The top three he’s referring to includes BYU, and the Cougars had added a totally different dynamic to the WCC by 2016. A league that was once a two-team league between Gonzaga and St. Mary’s had solidified a third power that could compete with the dominant forces. Though the Cougars have not yet won a share of a WCC title, they have reached multiple WCC Tournament championship games, finished in the top three of the league several times, and have become a similar force as St. Mary’s in the conference.
BYU has played the foil role to Gonzaga for good portions of its time in the WCC, challenging and occasionally besting the Zags on the court, offering a second legitimate competitor for the Bulldogs to consider in their league.
There is no way the improvement in recruiting at Gonzaga can’t be somewhat contributed to the addition of two marquee conference games every season. The Zags are known for scheduling tough in the non-conference, and that lures talent to Spokane, but the sale must be easier when Few can also tell them that they’ll play in nationally-relevant contests in-conference against not only St. Mary’s but BYU – a school big enough to now merit an invitation from the Big 12 – as well.
In 1999-00, the WCC finished No. 16 out of 32 conferences in RPI. Most of the next 10 years were spent with the league finishing in the spots just outside of the top 10. From 2011-12 to now, the WCC has finished outside of the top 10 only twice (2015-16 and 2017-18). Clearly, BYU has elevated the league’s level, and there’s no way that hasn’t been hugely helpful to Gonzaga.
So, What Does It Mean?
It doesn’t mean Gonzaga’s program will tank and you’ve heard the end of the Few and the Zags. Gonzaga was doing very well before BYU joined the WCC, and it’ll almost definitely continue to do well after the Cougars leave. The foundation set in Spokane was created by Few and those around him – BYU cannot claim credit for that.
And Gonzaga has capitalized wonderfully on playing in a tougher, more elevated conference. It’s possible that even when BYU leaves and the league presumably dips back down to its previous levels, Gonzaga will have cemented itself at the top of the conversation nationally enough that it can still bring in five-star recruits while playing in a league that will often only have one bid to the Big Dance.
But what’s the easier sales pitch: come play for a national championship while in a top-10 league nationally, or come play for a national championship while in a league struggling to get two teams into the tournament regularly? Remember, Few isn’t competing against middling power-five programs for players like Jalen Suggs and Chet Holmgren like he is for some four-star and three-star players. If you want Suggs and Holmgren, you have to convince them that you’re a better spot for them than Kentucky, Kansas, Duke, and North Carolina.

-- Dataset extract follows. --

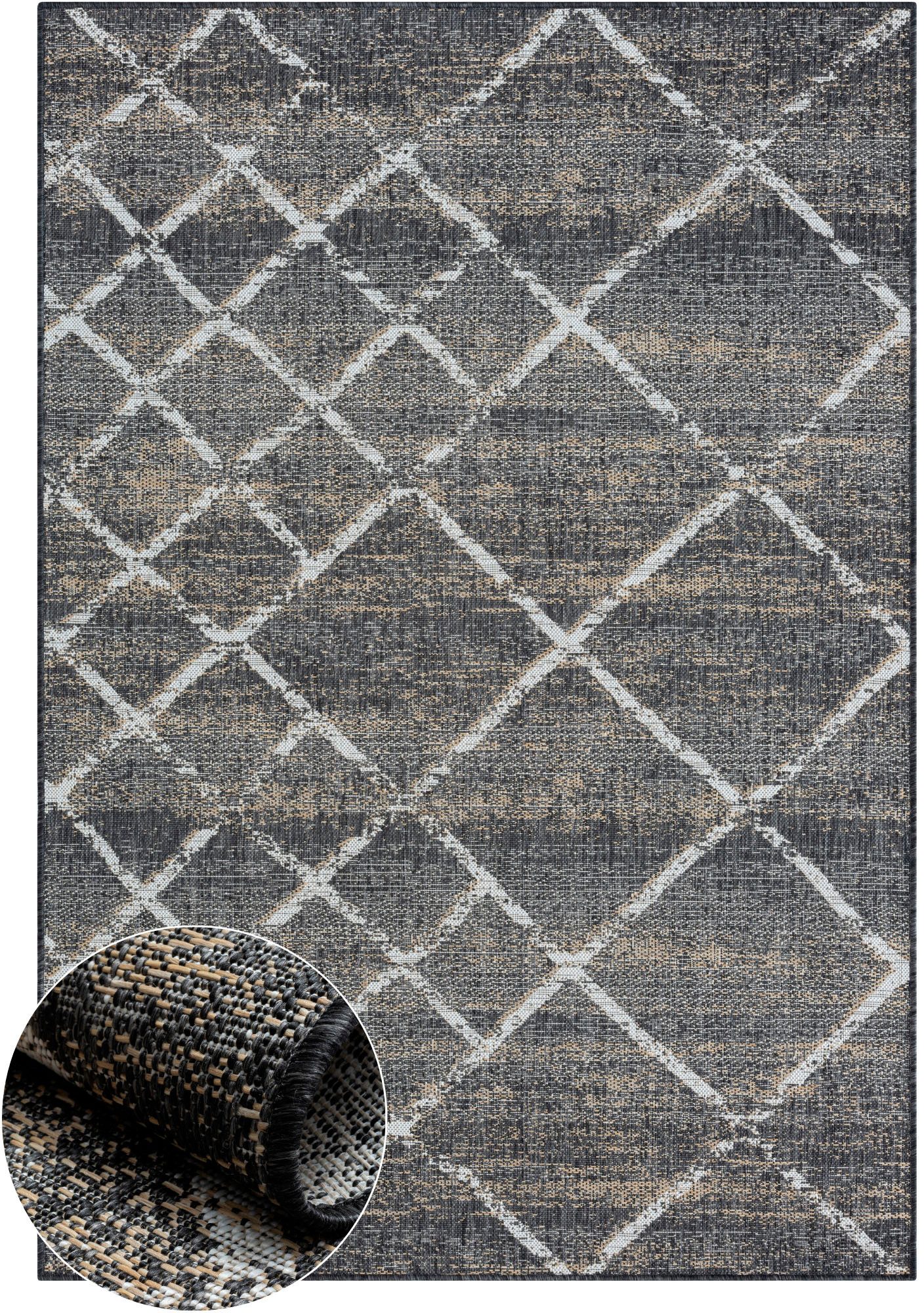 OTTO home Outdoorteppich Sorren, LAGERRÄUMUNG!, rechteckig, Höhe: 8 mm, Rauten Muster, In- und Outdoor geeignet, Terrasse & Balkon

BYU leaves the WCC after the 2022-23 season, so Gonzaga still has two seasons of competing against the Cougars to look forward to. The potential impact of BYU exiting the conference won’t be felt for another few years, and I would be very surprised if Gonzaga ever dipped belong the status of a perennial tournament team and common Sweet 16 participant while Few is in charge regardless of other factors. But will the Zags be able to bring in three five-star recruits in two years and convince enough talent to come through their doors to win at least 31 games for five-straight years without a program like BYU helping improve the conference? That’s the big question.